The plaintiff alleges that CMS violated her Eighth Amendment rights by "failing to act affirmatively to create a treatment policy so that inmates at [EMCF] received prescriptions and prescription refills for medically necessary and life sustaining medications in a timely manner." (3d Am. Compl. at ¶ 38.) This amounts to a claim that CMS had an unconstitutional custom of deliberate indifference in timely providing prescription medication to inmates. "A custom is an act that has not been formally approved by an appropriate decisionmaker but that is so widespread as to have the force of law." Natale, 318 F.3d at 584. Here, the plaintiff only alleges a personal delay in treatment. This alleged personal deprivation is not sufficient to demonstrate a widespread custom.
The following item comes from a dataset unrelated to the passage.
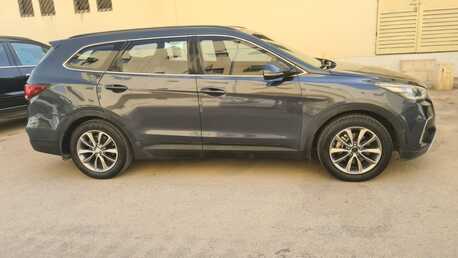 Riyadh, Vehicles, Cars & Trucks , SAR 40,  Hyundai Santa Fe,  2017,  Automatic,  320150 KM,   - Model  - 7 Seater Family Car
See Afdahl, 2009 WL 5213992, at *5. The plaintiff has therefore failed to allege a custom or policy on the part of CMS, and the Court will dismiss the Third Amended Complaint insofar as it is asserted against CMS.
CONCLUSION
The Court, for the reasons stated supra, will grant the Braimbridge/UMDNJ Motion. The Court will also grant the Shrager Motion. The Court will grant in part and deny in part the Braimbridge/CMS Motion. To the extent the Court is dismissing aspects of the Third Amended Complaint, such dismissal shall be with prejudice, as the plaintiff has had three opportunities to amend her complaint. The Court will issue an appropriate order and judgment.